“Clever girl, locking me inside my head.” The Oracle’s voice dripped with malice. “I must say, I never saw that coming, and it is not often I am surprised, least of all by mortals.”

I stopped short of the glass room, raw magic crackling at my hands as I waited for her to make the first move. She was closer to Tavion and Raz than we were, close enough to snap their necks.

When we’d left this morning, I’d only taken what we’d needed.

A change of clothes for Tristan, and the bag to carry them in.

The keystone was upstairs in the top drawer of the bedside table. I didn’t even know if its power would work against her, but I’d never reach it in time anyway.

I had two knives, Tristan had three. But this wouldn’t come down to that kind of fighting, not from the bloodthirsty look on her face.

No, she’d use her magic and she’d make us suffer.

“I’m the one you want, Gelvira. Leave them out of this.” My voice echoed off all the glass. “Let’s you and I settle this between ourselves like sisters should.”

The Oracle chuckled darkly, her eyes glowing with malevolent power. “You know that’s not how this works. It has never truly been between the two of us.” In one step she was beside Raziel, dragging her fingers through his hair.

With a flick of her wrist, the Oracle gripped a handful and yanked his head back, baring his throat, tendons and muscle stretched to their limit, and my heart lurched. Beside me, Tristan hissed a warning when I took a single, stumbling step into the room.

Dark energy crawled over me the moment I broke through her invisible barrier, probing for a way through my shield. Energy meant to rip and tear and sunder flesh, should my magic fail me.

“Take your fucking filthy hands off him.” Violence ripped through me, the kind that would make me do something foolish. “Or I’ll make you let them go.”

She threw her head back and laughed, the sound ringing like a bell. “We’ve done this dance before, Anaria, so many times. You wouldn’t remember, but such blustering threats never work in your favor.”

In one swift motion, I cast a shield of shimmering light over the two of them, and the Oracle snatched her hand back as if she’d been burned, her shadows writhing, trying to cast off my starry power as her body torqued in pain.

Tavion and Raz shifted, enough for me to see their faces. Twisted with fury, but their eyes were clear enough to tell me she wasn’t controlling their minds.

“I tried to warn you,” I said mildly as she glared at me through narrowed eyes. “Now let them go so we can finish this.”

Stars shattered the air as she threw off my power, Raz’s eyes darting between me, the door, the windows. Outside, the storm blew hard, rain lashing the glass, the floor vibrating from the wind and the thundering waterfalls.

“I knew you were a fool from the moment you opened your eyes,” she hissed. “But it was too late. The magic chose you, even if I did not. I would have slit your throat right then, before you drew your first breath, but Torin stopped me. I never should have listened.”

She rounded the still-kneeling Tavion and Raz, dragging her shadows behind her. “You have made a mess of things, Princess. Both kings dead, the magic released, and for what?” She swept her hand across the windows to the blighted forest beyond.

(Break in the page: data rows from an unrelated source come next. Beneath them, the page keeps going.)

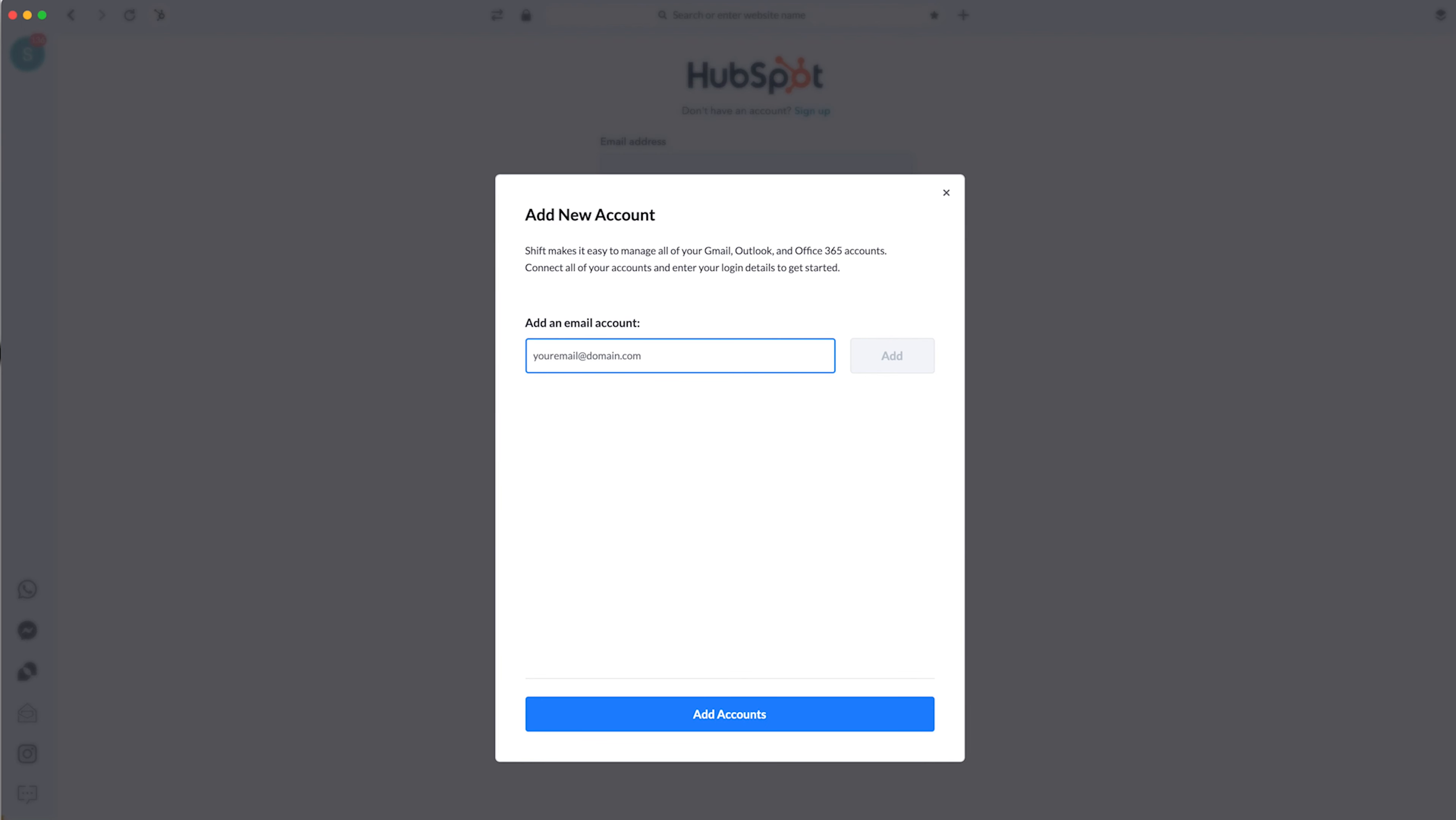As far as the Gmail account, this is what you guys would see when you first download Shift. And you can add in an email account. It has to be a Gmail, Outlook, or Office. I wish that I could just add in all my other emails on here. Like my Shop Nouveau Rich email that I have on here. My Fashion Formula email. Because those aren't through Gmail, or Outlook, or Office.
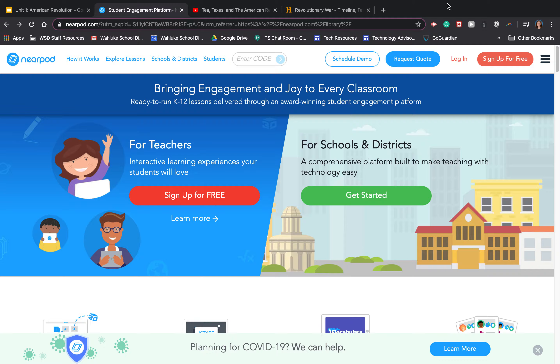Nearpod is an interactive presentation maker that allows you to put interactive slides within your slide deck for students.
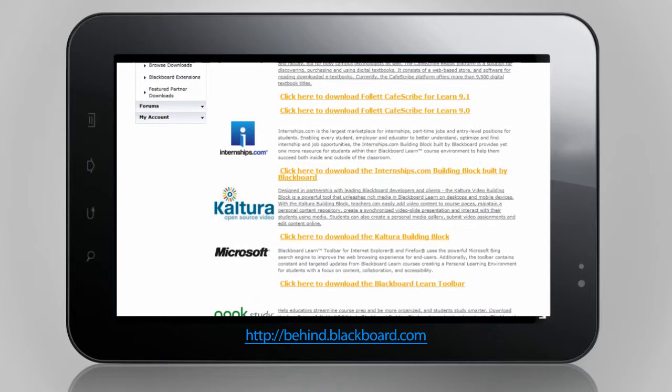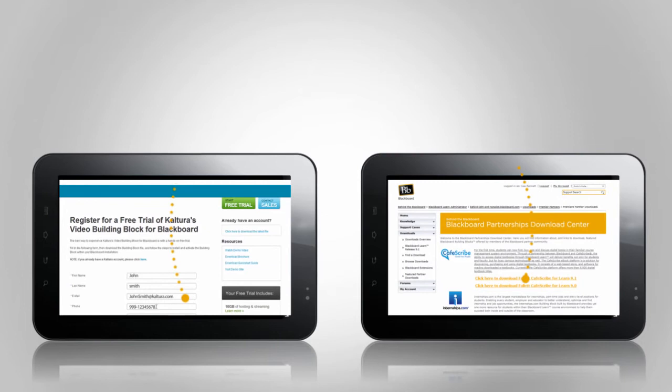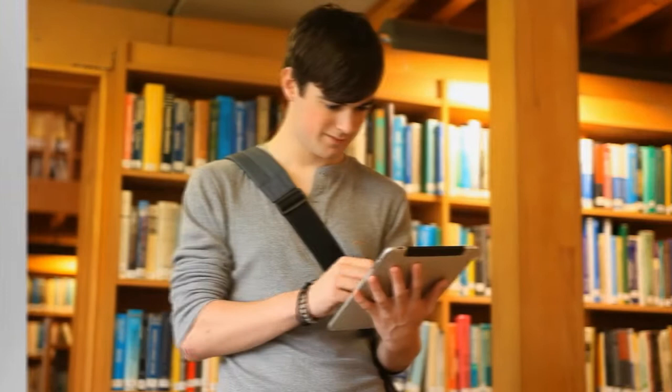Trying out the video building block is easy. Simply go to Behind the Blackboard or directly to Kaltura.com, register for a Kaltura account, and follow the instructions to activate the building block. The building block will also be available for instant activation in Blackboard's upcoming service pack.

“Trapping me only gave Corvus the chance he’s been craving all these millennium. You ruined all the glorious life you created out of ignorance. You are not worthy of becoming one of us.”

Well, she wasn’t wrong.

“Why did you allow him to exist, knowing what he was capable of?”

The mocking smile slid off her face. “Because he is my brother. The only true family I have left. But this world only lasts forever if we consume its magic in small sips. Corvus doesn’t know restraint. He would swallow this world whole. Now, I don’t know if he can be stopped.”

Behind me, Tristan held back, tense and ready. Tavion’s eyes slid between us, waiting for the Oracle’s magic to fail and give him an opening. When it did, he’d go for his sword, or his knife, or shift into his wolf.

And end up bleeding on this floor.

Lightning crackled outside and thunder boomed. The Oracle’s head swiveled toward the rain-coated windows, the forest beyond blurred to a dark smear.

I met Raz’s and Tavion’s eyes, then flicked my gaze to those same windows. Again. A third time. Tavion’s mouth tightened and he managed to shake his head. No.

Stubborn wolf. You stubborn, stubborn wolf.

“If killing Corvus was the only way to stop this, is that what you’d want?” I clenched my hands, my fingers swollen from clinging to Tristan’s back, arms shaking from holding my magic on such a short leash, from the creeping cold of my darklings suspended on the ceiling overhead.

Waiting patiently as her gaze narrowed, malice turning to speculation.